Außerdem sieht der Supporters Club, der die rund 88.000 HSV-Mitglieder vertritt, nun die Zeit für den Zweitligisten gekommen, um auch die Hymne "Hamburg, meine Perle" abzuschaffen. In einem Facebookbeitrag kritisiert die Dachorganisation der Fans, dass es in "keiner Textstelle" des Liedes von Lotto King Karl um den HSV gehe, sondern vielmehr andere Vereine verhöhnt werden. Zudem werde von Juventus Turin oder Rom geträumt und davon, dass es für Erzrivale Werder Bremen in Hamburg nichts zu holen gebe.
"Wollen wir mal ehrlich sein? Bremen hat uns über Jahre abgehängt, hat uns am Ende immer geschlagen, wenn es darauf ankommt und wir singen: '…gibt’s für dich hier nix zu holen'', schreibt Horn. Im Gespräch mit dem Abendblatt kann er sich auch eine Zukunft von Lotto King Karl beim HSV vorstellen – aber unter einer Bedingung. "Ich würde es okay finden, wenn Lotto weitermacht, aber nicht mit diesem Lied", sagt Horn, der seinen Vorstoß mit der Abteilungsleitung der Supporters abgestimmt hat.
So sei das Thema auch schon mehrfach an das Präsidium, den Vorstand und den Aufsichtsrat herangetragen worden. Diesmal erhoffen sich die HSV-Supporters, dass ihr Wunsch erhört wird.
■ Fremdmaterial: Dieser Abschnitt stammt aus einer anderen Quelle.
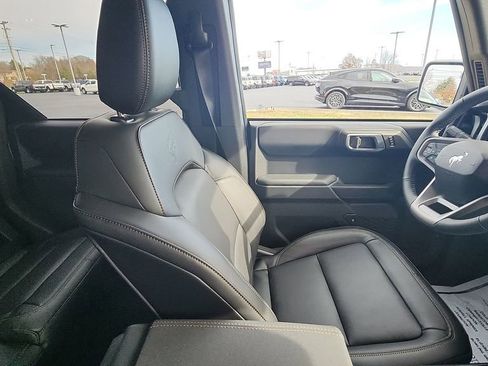 New 2025 Ford Bronco Badlands image 13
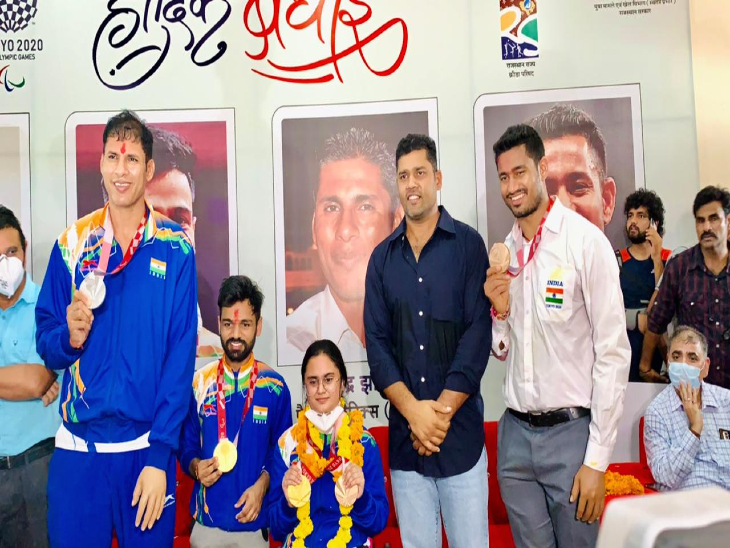 पैरालंपिक में जीते पदक दिखाते विजेता खिलाड़ी।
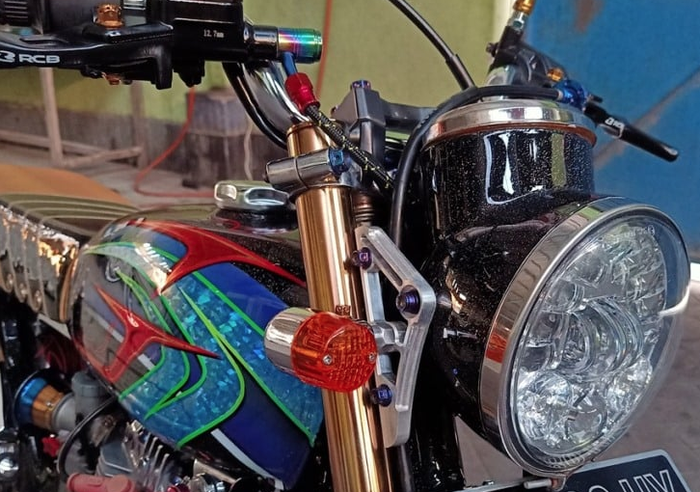 Tampang depan Honda Mega Pro modifikasi ala Honda CB lawas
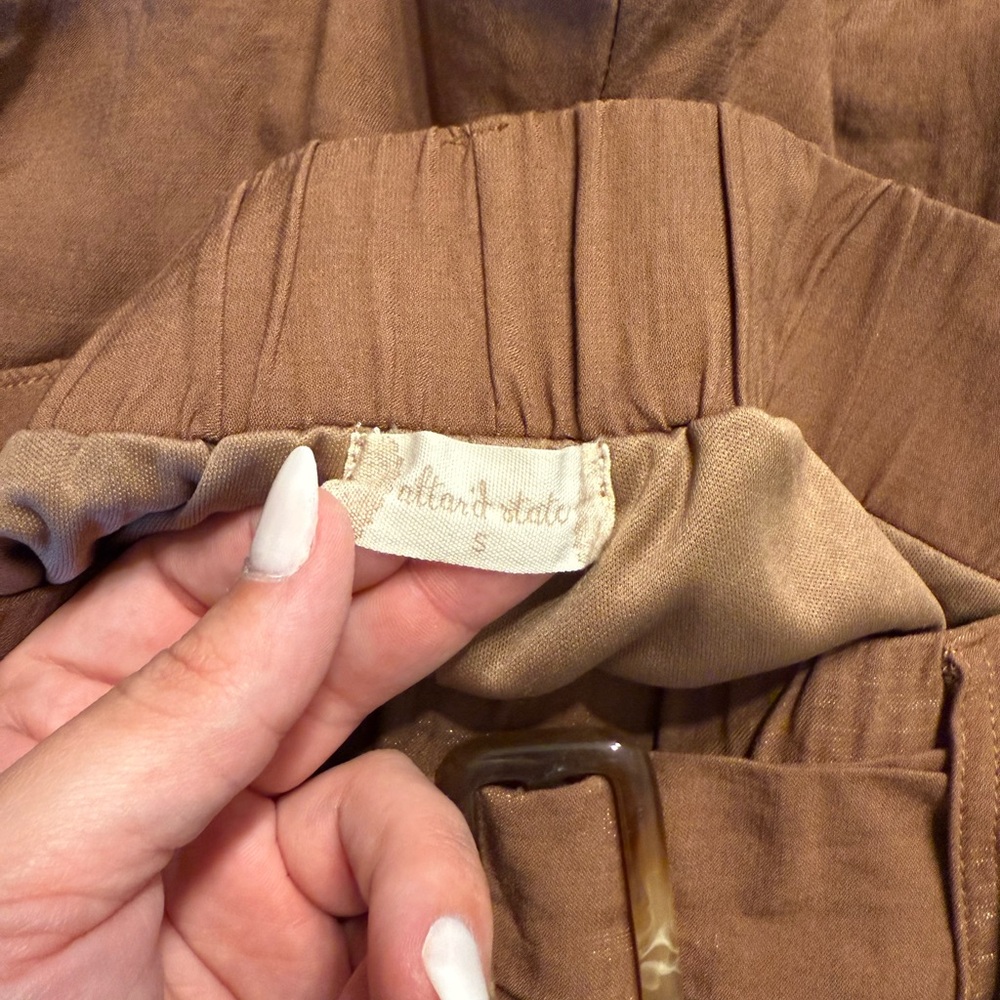 Altar’d State Women’s Boho Belted Paper-bag Waist Brown Flowy Shorts Size Small - Picture 3 of 3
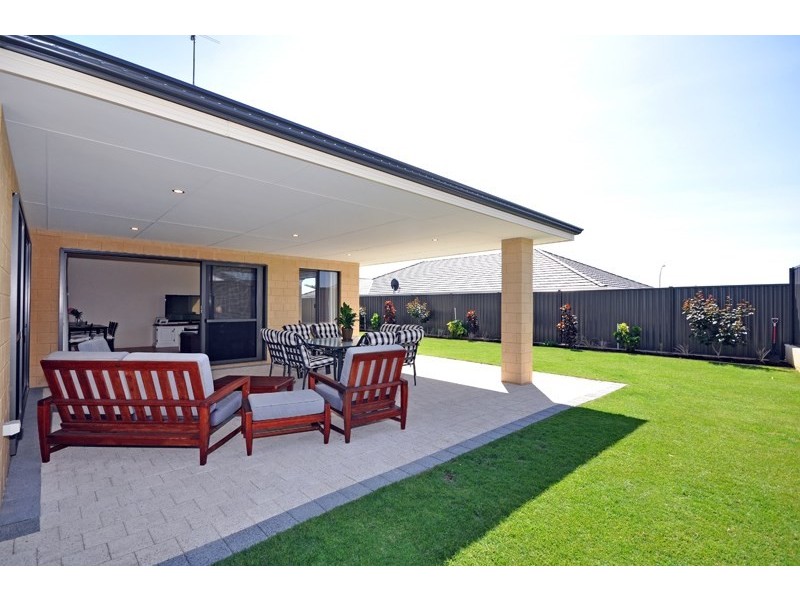 11 Mayroyd Drive, Ellenbrook WA 6069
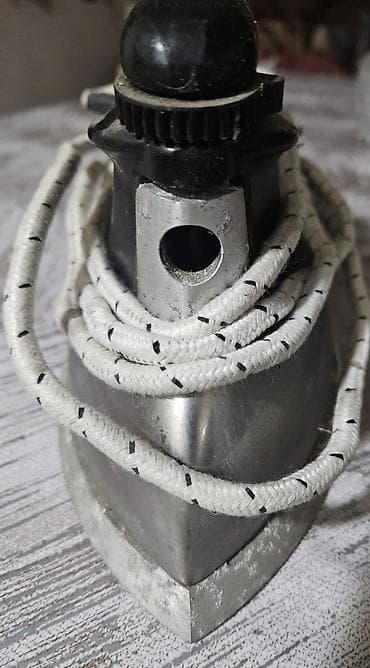 Buharlı ütülər: Klassik elektrik ütüsü satılır İşlənmişdi köhnə ütülərdəndi ünvan — 3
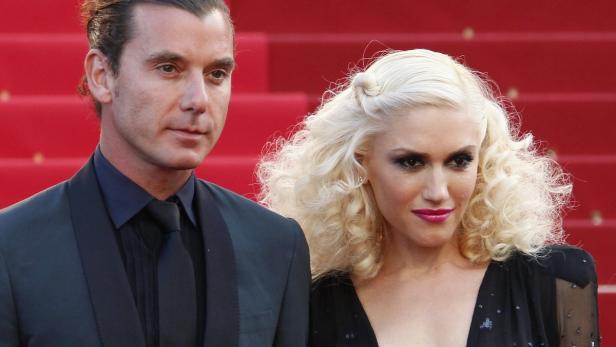 Gavin Rossdale und Gwen Stefani posieren auf einem roten Teppich.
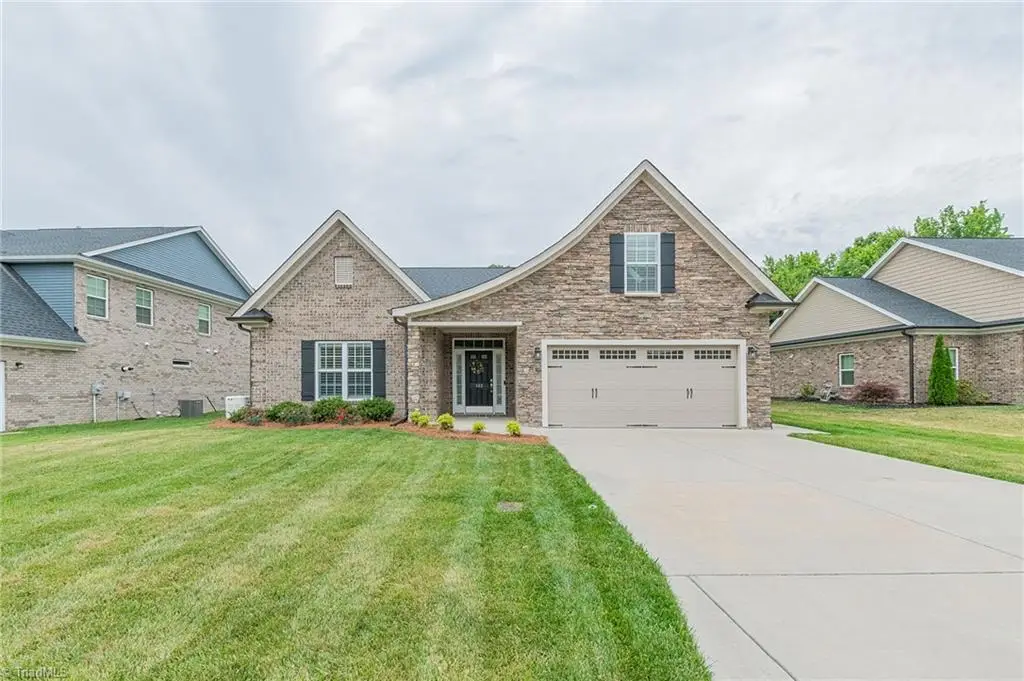 403 Freemont Drive, Thomasville, NC 27370 - #1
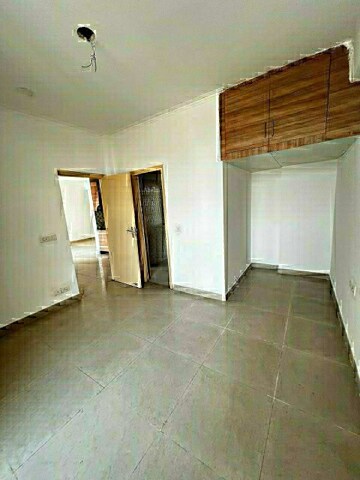 Room in 3 BHK Apartment at Nirala Estate, Tech Zone 4 Greater Noida – for Sale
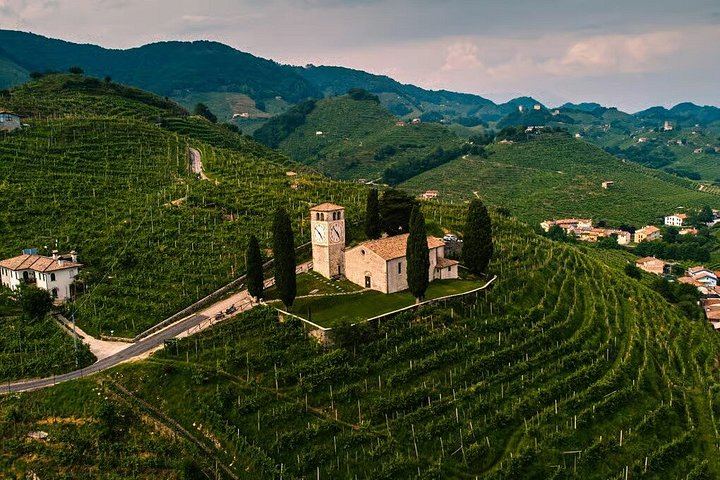 Prosecco Hills from Venice with Aperol Spritz on a Panoramic Terrace and Asolo Free Time (1/10)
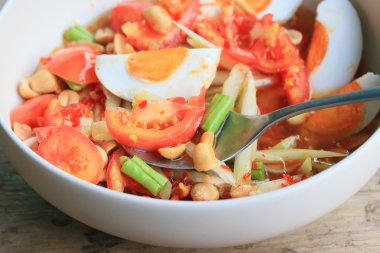 tuzlu yumurta papaya salatası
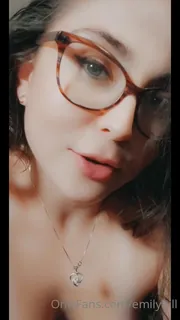 91视频推荐：“他妈的我是那么角质RN。 手机在线播放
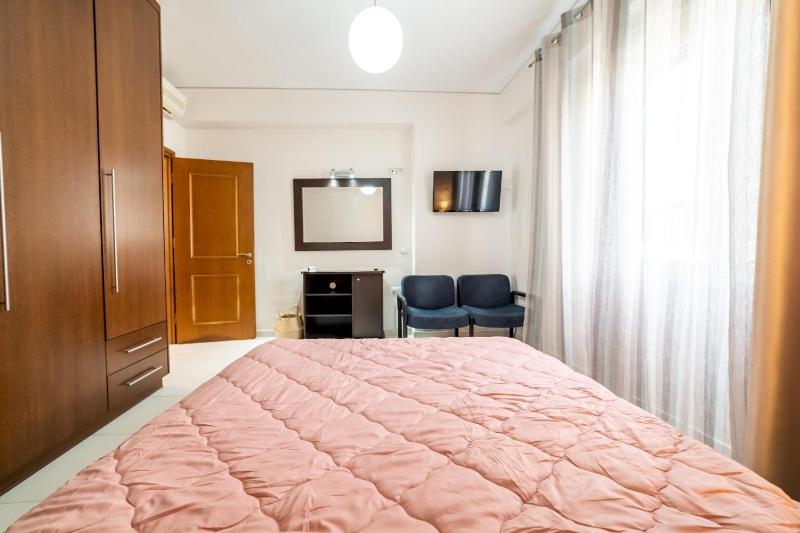 Heronissos City Center Apartment - image 12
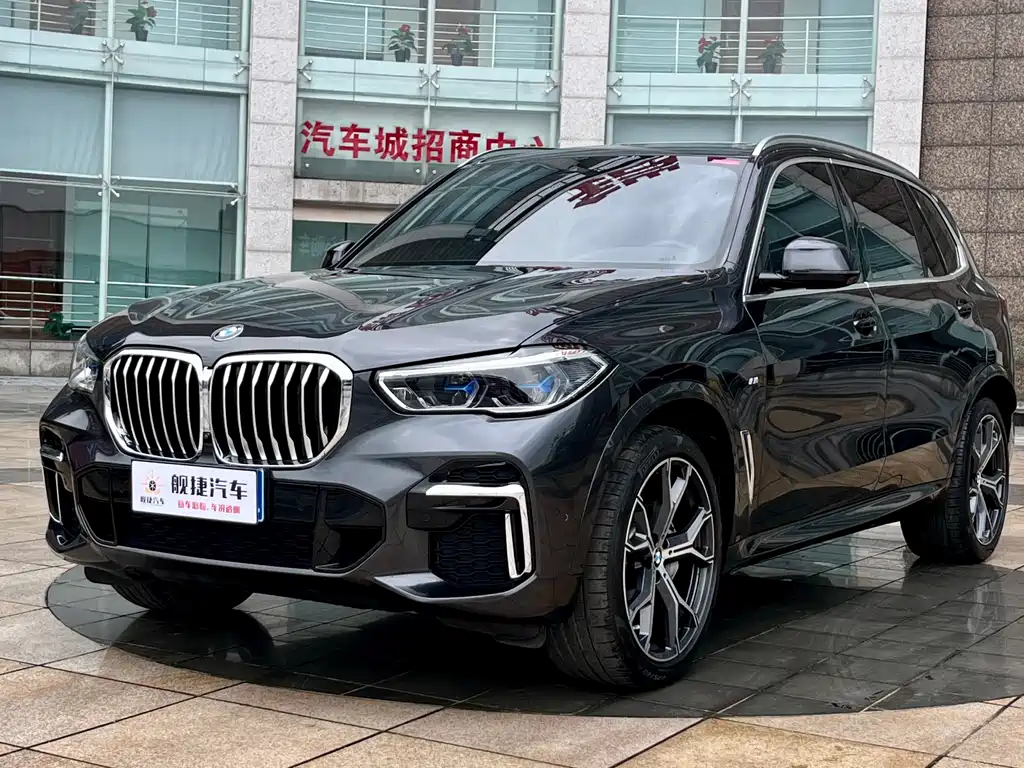 BMW X5 2022 — фото 1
Lotto schweigt, HSV prüft Vorstoß
Auf Abendblatt-Nachfrage wollte sich Sänger Lotto King Karl, der die Hymne vor jedem Heimspiel live im Stadion singt, nicht zu der Forderung äußern. Der HSV, der die Abschaffung der Hymne beschließen müsste, prüft nun intern, ob "Hamburg, meine Perle" eine Zukunft hat. Eine klare Haltung zeigen bereits zahlreich Fans, die Horns Vorstoß in den sozialen Netzwerken begrüßen.
Die Zukunft der Hymne ist also noch offen, die Uhr dagegen hat ausgedient. Unklar ist noch, was nun mit ihr passiert. Anfang Juli soll sie zunächst nach dem Konzert von Pink von Handwerkern abmontiert werden. Das Deutsche Fußball-Museum in Dortmund hinterlegte am Mittwoch bereits sein Interesse, die Uhr auszustellen. „Wir würden uns freuen, die geeignete Stelle wäre auch schon gefunden“, ließ die Museumsleitung über Twitter verlauten.
HSV war bis 2018 der Dino des Oberhauses
Seit dem Abstieg aus der Bundesliga im Vorjahr zeigte die Uhr im Volksparkstadion die Zeitspanne seit der Gründung des Traditionsvereins am 29. September 1887 an. Nach einem Konzert von US-Popstar Pink am 8. Juli sollen Handwerker die Uhr aus der Tribünen-Verkleidung lösen.
Kult-Charakter hatte der Chronograph erlangt, weil er als Erinnerung daran diente, dass der HSV bis 2018 das letzte noch nie abgestiegene Gründungsmitglied der Bundesliga war. Nach exakt 54 Jahren, 261 Tagen, 00 Stunden, 36 Minuten und 02 Sekunden war dies am Ende der Vorsaison vorbei.